MNIST Classification on Google Colab
4 minute read
View in Github | Download Notebook |
In this lesson we discuss in how to create a simple IPython Notebook to solve an image classification problem. MNIST contains a set of pictures
Import Libraries
Note: https://python-future.org/quickstart.html
from __future__ import absolute_import
from __future__ import division
from __future__ import print_function
import numpy as np
from keras.models import Sequential
from keras.layers import Dense, Activation, Dropout
from keras.utils import to_categorical, plot_model
from keras.datasets import mnist
Warm Up Exercise
Pre-process data
Load data
First we load the data from the inbuilt mnist dataset from Keras Here we have to split the data set into training and testing data. The training data or testing data has two components. Training features and training labels. For instance every sample in the dataset has a corresponding label. In Mnist the training sample contains image data represented in terms of an array. The training labels are from 0-9.
Here we say x_train for training data features and y_train as the training labels. Same goes for testing data.
(x_train, y_train), (x_test, y_test) = mnist.load_data()
Downloading data from https://storage.googleapis.com/tensorflow/tf-keras-datasets/mnist.npz
11493376/11490434 [==============================] - 0s 0us/step
Identify Number of Classes
As this is a number classification problem. We need to know how many classes are there. So we’ll count the number of unique labels.
num_labels = len(np.unique(y_train))
Convert Labels To One-Hot Vector
Read more on one-hot vector.
y_train = to_categorical(y_train)
y_test = to_categorical(y_test)
Image Reshaping
The training model is designed by considering the data as a vector. This is a model dependent modification. Here we assume the image is a squared shape image.
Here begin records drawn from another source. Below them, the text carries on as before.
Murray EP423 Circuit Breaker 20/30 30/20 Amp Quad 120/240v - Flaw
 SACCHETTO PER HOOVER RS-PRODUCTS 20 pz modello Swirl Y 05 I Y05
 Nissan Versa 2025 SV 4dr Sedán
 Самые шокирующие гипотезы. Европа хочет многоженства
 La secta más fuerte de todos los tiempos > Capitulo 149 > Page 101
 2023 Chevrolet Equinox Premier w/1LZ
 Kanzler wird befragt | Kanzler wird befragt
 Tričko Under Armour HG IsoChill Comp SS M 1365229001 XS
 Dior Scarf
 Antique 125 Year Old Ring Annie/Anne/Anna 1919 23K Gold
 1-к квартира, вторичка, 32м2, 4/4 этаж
image_size = x_train.shape[1]
input_size = image_size * image_size
Resize and Normalize
The next step is to continue the reshaping to a fit into a vector and normalize the data. Image values are from 0 - 255, so an easy way to normalize is to divide by the maximum value.
x_train = np.reshape(x_train, [-1, input_size])
x_train = x_train.astype('float32') / 255
x_test = np.reshape(x_test, [-1, input_size])
x_test = x_test.astype('float32') / 255
Create a Keras Model
Keras is a neural network library. The summary function provides tabular summary on the model you created. And the plot_model function provides a grpah on the network you created.
# Create Model
# network parameters
batch_size = 4
hidden_units = 64
model = Sequential()
model.add(Dense(hidden_units, input_dim=input_size))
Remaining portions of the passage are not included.